Chapter 27:
Damien
I lie on my bed facedown. I hate myself for not answering the phone. She hasn't called back since. I tried calling her. No answer.
Carly
I sing and dance along to the song "Waking up in Vegas" by Katy Perry in my room. Aunt Ginger yells at me to shut up. Not in those words of course it was more "quiet down". I don't. She doesn't bother me again. I'm ecstatic that my brother is back. I honestly thought he was dead; he was right we can't die. Except for the slayers. Stupid slayers. Stupid Damien. I clear my mind and keep singing along to my iPod. I've memorized every song by Owl City, Taylor Swift, Katy Perry.

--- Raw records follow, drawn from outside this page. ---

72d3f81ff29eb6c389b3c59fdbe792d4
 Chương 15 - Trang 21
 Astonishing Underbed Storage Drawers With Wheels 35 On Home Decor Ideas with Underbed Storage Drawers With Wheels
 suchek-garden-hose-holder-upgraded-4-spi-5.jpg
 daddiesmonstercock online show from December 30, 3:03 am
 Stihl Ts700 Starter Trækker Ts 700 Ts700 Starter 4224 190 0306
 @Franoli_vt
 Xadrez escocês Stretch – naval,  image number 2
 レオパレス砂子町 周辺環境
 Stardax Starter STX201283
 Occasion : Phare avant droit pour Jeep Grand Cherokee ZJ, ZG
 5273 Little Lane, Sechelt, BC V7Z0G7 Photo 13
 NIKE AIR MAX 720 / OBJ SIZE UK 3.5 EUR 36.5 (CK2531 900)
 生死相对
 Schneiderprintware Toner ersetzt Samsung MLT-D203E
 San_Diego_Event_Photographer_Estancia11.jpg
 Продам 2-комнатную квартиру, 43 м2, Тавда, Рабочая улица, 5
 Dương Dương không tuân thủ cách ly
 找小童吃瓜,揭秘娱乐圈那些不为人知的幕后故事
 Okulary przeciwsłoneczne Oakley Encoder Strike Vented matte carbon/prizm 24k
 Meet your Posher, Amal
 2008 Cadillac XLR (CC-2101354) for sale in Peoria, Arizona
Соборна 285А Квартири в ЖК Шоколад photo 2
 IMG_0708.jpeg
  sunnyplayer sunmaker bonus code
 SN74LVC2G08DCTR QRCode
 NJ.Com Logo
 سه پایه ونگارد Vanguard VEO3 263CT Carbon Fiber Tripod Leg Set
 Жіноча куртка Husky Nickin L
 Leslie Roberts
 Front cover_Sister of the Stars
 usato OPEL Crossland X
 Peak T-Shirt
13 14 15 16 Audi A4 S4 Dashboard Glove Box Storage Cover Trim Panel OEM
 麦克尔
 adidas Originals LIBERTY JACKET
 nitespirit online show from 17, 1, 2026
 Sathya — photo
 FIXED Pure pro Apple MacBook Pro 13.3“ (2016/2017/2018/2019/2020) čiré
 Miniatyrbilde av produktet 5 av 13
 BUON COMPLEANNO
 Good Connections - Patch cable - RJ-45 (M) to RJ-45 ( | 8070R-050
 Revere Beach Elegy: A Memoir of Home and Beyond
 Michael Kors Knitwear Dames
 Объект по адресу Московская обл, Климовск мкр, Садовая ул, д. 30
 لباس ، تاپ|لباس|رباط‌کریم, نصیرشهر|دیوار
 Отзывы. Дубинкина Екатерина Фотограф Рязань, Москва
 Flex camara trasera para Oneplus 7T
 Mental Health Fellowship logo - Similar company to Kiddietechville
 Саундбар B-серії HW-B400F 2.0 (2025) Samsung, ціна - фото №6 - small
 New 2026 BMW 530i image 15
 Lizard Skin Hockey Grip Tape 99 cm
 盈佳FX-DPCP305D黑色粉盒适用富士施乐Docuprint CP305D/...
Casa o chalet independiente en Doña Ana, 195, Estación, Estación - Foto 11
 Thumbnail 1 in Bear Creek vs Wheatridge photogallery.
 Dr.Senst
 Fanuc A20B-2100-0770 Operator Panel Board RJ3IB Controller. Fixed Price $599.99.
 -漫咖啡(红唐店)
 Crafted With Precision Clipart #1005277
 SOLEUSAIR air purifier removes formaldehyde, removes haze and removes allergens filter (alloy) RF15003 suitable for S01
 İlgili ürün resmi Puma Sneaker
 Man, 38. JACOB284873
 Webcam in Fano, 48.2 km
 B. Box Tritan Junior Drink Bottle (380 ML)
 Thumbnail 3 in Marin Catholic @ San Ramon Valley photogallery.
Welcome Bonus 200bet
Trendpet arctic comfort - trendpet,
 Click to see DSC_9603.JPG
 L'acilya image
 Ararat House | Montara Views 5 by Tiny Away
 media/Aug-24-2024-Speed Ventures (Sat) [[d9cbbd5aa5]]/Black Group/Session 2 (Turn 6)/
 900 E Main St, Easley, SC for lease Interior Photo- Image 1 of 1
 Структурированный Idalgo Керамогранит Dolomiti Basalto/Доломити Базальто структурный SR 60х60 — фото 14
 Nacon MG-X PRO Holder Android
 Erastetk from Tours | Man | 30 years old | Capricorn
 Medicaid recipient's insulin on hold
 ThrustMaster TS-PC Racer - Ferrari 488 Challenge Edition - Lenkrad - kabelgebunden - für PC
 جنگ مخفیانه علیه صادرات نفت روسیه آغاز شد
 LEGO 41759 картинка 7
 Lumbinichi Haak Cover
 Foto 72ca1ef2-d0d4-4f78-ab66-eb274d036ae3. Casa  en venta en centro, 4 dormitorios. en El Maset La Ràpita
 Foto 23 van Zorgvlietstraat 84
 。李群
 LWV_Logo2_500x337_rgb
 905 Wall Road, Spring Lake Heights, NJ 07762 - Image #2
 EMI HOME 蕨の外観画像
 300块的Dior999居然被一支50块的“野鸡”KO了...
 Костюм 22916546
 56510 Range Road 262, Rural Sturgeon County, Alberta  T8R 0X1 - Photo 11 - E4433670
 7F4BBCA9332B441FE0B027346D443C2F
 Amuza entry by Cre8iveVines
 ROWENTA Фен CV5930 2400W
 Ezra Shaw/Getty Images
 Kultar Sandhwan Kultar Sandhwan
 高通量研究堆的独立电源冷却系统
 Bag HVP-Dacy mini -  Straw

The only thing missing in my life- my heart aches. My parents are gone, Damien is gone. He won't answer my calls. Seriously I have got to stop doing this. One minute I'm happy the next I'm depressed again. I can't believe my life. Tyler calls me, I tell him I'm tired and go to bed. It's all Damien. I'm all fine, then he comes along, kisses that Melanie girl. The slayer. I hate her. What if he meant to kiss her, wanted to kiss her. I need to know. I grab the keys to my aunt's car and drive to his house.
***
I arrive at Damien and Kyle's house and take a deep breath. I walk up the steps, and knock on the door. I play with the fringe on my scarf. Melanie answers the door.